Regulatory developments hit Novomatic revenue in H1
Austrian gaming giant Novomatic has reported a 1.8% year-on-year fall in revenue for the first half of its financial year, with changes to gaming regulations in core markets such as Germany and Italy blamed for the decline.
Revenue for the six months to 30 June, 2019 fell to €1.26bn (£1.15bn/$1.39bn), with changes to laws in Germany, Novomatic’s largest market, having the biggest impact on group performance.

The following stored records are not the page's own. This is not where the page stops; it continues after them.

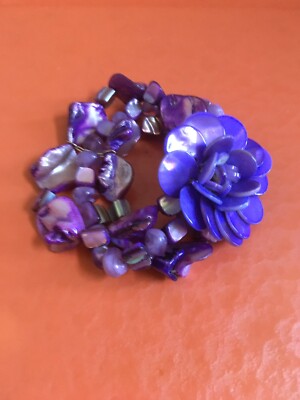 Vintage Miriam Haskell? Bracelet With Purple Flower Design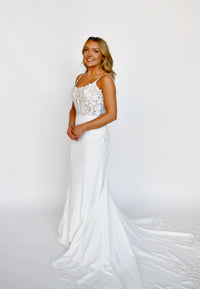 34270 - Beaded Lace Fit and Flare with Breathtaking Train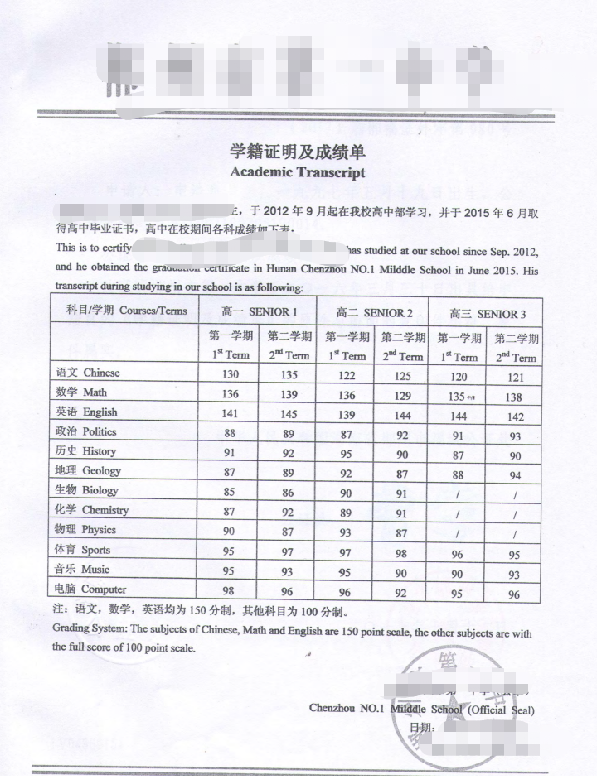 s同学的高中成绩单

As a result of state laws on gaming arcades and new technical regulations that accompanied the third amended State Treaty on Gaming, the number of terminals leased by Novomatic in Germany fell by around 13,900 units in H1. Its rental portfolio also decreased to 154,100 devices, a drop of around 11,500 units. This resulted in revenue from Germany falling 6.2% year-on-year to €338.1m.

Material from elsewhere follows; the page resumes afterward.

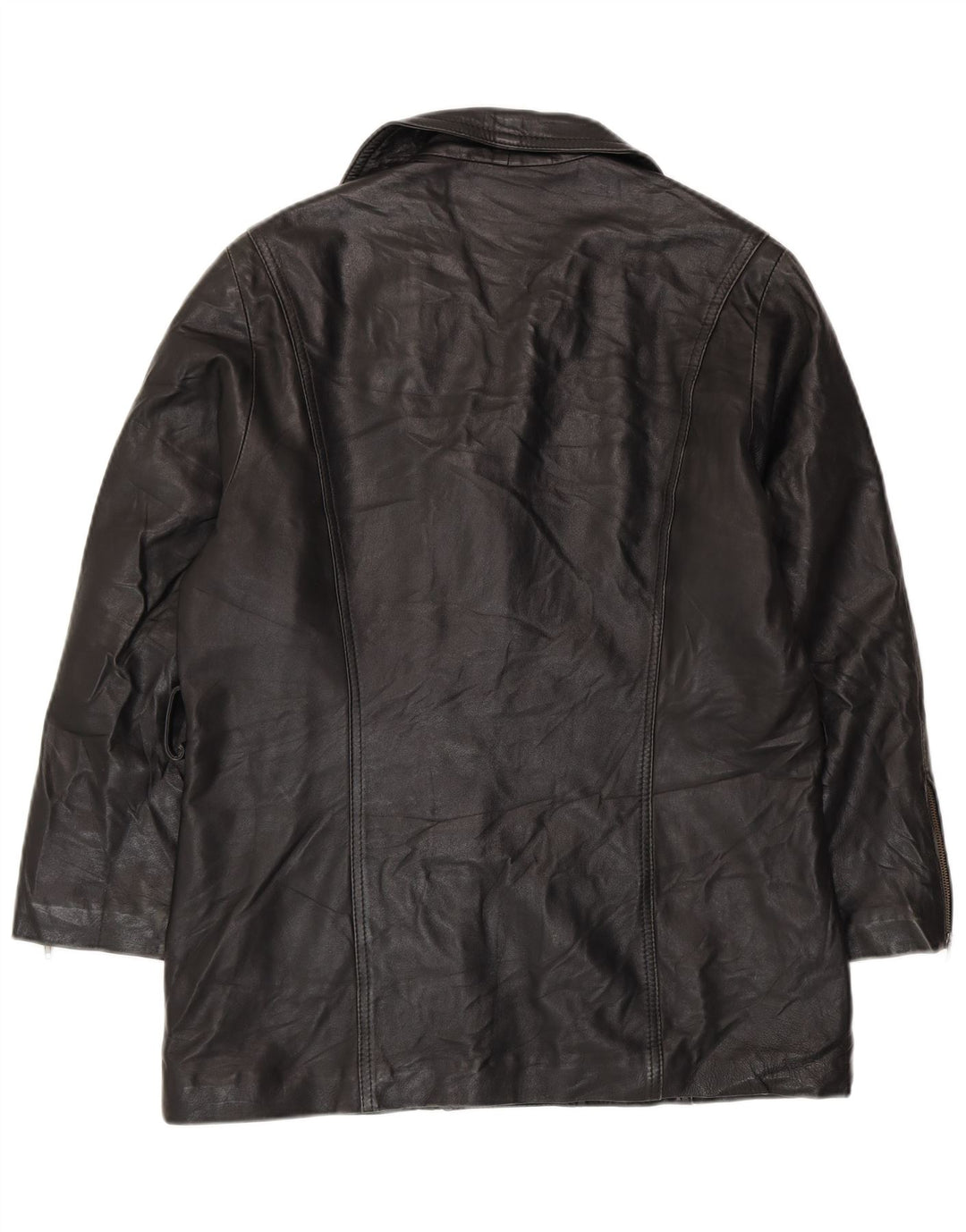 Jaqueta de couro superdimensionada feminina VINTAGE UK 10 pequena preta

Changes to the tax rates for gaming machines in Italy, coupled with the country’s gambling advertising ban, also had an adverse effect on revenue, with the country’s revenue contribution down 7.6% at €181.8m.
Ainsworth Game Technology also struggled over the period, which has been blamed on difficulties in its native Australia and Latin America.

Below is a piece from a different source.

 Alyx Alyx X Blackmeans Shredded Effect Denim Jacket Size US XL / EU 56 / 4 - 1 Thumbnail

This was offset by growth in the UK — where Novomatic said the fixed-odds betting terminal stake cut benefitted its gaming hall business — and increased slots revenue from Spain, Austria and the Netherlands.
Across the group, gaming technology revenue, comprising revenue from the development, production, leasing and sale of gaming devices, gaming content and gaming technology across all channels, was down 2.2% at €469.4m.
Gaming operations revenue, including Novomatic’s self-operated slot arcades, casinos, sports betting outlets and bingo halls, was also down, falling 1.5% to €794.3m.
As a result of the decline in group revenue, Novomatic will look to reduce costs and increase the efficiency of the business, as well as disposing of assets that failed to perform as expected. This saw its Croatian subsidiaries, the Spain-and-Latin America-facing OTIUM Group, and two Spanish casino businesses sold off in H1.
The second half of the year will see the bulk of its UK technology business, Gaming Technology Group, sold to Inspired Entertainment for $120m (£99.3m/€109.4m) once all regulatory requirements have been met.
In addition, it acquired a number of smaller businesses in Germany and Eastern Europe, mainly slot arcade operators, to expand its position in core territories.
Looking at costs, gaming taxes and betting fees rose 1.7% over the six months to €148.7m, while the operator and supplier realised a benefit of €12.5m from inventory changes, down 37.0% year-on-year. Capitalised development costs fell from €75.2m to €40.8m, while a further €40.7m in other operating income was generated over the period.
Cost of material and other operating expenses both fell, to €172.8m and €349.7m respectively, offsetting a 1.4% rise in personnel expenses to €390.4m.
After operating costs, earnings before interest, depreciation, tax and amortisation was down 5.1% to €297.1m. However, depreciation, amortisation and impairment charges soared to €249.6m - up 61.2% year-on-year - which Novomatic said was largely down to regulatory changes related to its gaming machine business in Germany.
This resulted in operating profit falling 70.0% to €47.5m. After finance-related costs of €17.6m and income tax of €15.2m, the business recorded a net profit of €14.7m for H1 2019, down 87.7% year-on-year.
However, this was improved by a €19.5m profit from discontinued operations, for a net result of €34.3m, down 68.8% from H1 2018.